Nos Estados Unidos, os gastos da Whirlpool com frete não ultrapassam 3%. Culpa das estradas. Trazer um contêiner da China até Santos sai mais barato para a empresa do que levar uma carreta de Manaus para São Paulo — 8 000 ante 12 000 reais.

A proposta de criação de corredores novos atende um sonho de produtores de grãos do Centro-Oeste: acabar com a dependência dos portos do Sul. Hoje, como a saída pelo norte significa encarar estradas esburacadas e portos acanhados, a opção da maioria dos produtores é por enfrentar as filas nos distantes portos do Sul.

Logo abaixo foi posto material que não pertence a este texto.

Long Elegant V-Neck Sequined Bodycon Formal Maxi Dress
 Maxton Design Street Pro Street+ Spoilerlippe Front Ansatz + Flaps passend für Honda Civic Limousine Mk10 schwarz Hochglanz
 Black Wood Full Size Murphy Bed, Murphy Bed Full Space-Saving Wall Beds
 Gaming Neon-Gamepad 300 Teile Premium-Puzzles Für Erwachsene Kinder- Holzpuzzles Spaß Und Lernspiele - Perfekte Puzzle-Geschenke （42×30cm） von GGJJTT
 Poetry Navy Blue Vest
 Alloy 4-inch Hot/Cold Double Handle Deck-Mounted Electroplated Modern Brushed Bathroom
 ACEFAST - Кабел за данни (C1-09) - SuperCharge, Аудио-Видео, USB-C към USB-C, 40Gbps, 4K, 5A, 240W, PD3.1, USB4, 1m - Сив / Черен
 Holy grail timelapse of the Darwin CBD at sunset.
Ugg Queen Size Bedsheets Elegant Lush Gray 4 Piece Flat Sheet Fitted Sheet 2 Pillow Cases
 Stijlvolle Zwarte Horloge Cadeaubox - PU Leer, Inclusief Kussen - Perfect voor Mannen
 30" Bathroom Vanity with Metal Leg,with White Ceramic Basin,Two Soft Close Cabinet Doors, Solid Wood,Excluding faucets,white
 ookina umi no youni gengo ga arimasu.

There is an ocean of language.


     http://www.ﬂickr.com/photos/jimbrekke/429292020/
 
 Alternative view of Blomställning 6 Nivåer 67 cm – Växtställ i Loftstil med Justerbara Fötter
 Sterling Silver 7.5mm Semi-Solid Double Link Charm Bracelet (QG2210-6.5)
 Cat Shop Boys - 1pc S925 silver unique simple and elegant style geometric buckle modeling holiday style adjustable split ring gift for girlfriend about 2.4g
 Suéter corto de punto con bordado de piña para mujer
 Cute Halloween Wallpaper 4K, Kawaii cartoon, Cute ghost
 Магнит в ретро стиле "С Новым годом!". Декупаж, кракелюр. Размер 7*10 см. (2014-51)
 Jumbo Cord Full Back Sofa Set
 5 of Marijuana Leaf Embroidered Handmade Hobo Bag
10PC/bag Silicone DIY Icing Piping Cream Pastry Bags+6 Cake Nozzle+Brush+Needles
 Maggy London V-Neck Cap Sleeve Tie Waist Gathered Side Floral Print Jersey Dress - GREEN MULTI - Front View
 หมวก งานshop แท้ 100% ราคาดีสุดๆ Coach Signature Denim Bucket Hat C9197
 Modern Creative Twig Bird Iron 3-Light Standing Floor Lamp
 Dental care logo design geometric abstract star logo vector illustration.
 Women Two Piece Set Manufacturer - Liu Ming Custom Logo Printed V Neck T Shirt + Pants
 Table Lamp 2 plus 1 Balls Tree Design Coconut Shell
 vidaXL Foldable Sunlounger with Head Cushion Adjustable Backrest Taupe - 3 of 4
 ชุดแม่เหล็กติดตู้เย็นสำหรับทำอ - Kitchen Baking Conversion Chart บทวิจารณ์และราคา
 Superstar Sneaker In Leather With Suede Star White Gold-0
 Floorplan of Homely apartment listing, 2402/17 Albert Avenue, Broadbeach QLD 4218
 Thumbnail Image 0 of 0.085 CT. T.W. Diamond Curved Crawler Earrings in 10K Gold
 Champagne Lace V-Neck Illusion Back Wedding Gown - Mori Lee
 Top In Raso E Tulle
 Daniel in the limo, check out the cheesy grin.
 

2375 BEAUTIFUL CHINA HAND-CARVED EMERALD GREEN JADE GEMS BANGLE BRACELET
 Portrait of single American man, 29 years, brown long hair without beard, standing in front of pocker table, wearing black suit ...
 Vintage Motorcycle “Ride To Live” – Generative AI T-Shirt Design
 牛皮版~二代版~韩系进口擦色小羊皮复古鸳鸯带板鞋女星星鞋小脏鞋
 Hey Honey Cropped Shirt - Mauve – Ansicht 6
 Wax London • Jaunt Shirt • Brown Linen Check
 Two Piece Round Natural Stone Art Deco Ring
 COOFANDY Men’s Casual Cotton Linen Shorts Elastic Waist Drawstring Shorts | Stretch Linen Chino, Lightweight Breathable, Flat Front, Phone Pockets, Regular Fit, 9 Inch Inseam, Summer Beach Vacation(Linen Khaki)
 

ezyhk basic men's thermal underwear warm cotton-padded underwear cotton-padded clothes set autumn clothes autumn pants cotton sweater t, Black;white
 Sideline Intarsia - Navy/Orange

Quase 70% da exportação brasileira de soja, que em 2013 pode chegar a 38 milhões de toneladas, sai por Santos e Paranaguá. O volume gera um tráfego de 700 000 caminhões. “Se houvesse boas estradas rumo ao norte, certamente inverteríamos a matriz de escoamento”, diz Rodrigo Koelle, gerente de logística da Cargill.

Segundo a Aprosoja, associação que reúne produtores de Mato Grosso, o frete de Sorriso (MT) a Santos sai por 320 reais a tonelada. O produtor de Illinois, estado da região central dos Estados Unidos, paga 40 reais para levar o produto a Nova Orleans, no oceano Atlântico, e 70 reais até Oregon, no Pacífico — a um “pulo” da China, maior comprador de soja do mundo.

“Essa diferença é riqueza que o Brasil perde”, diz Carlos Fávaro, presidente da Aprosoja. Está na hora de melhorar as estradas — e parar de perder riqueza pelo caminho.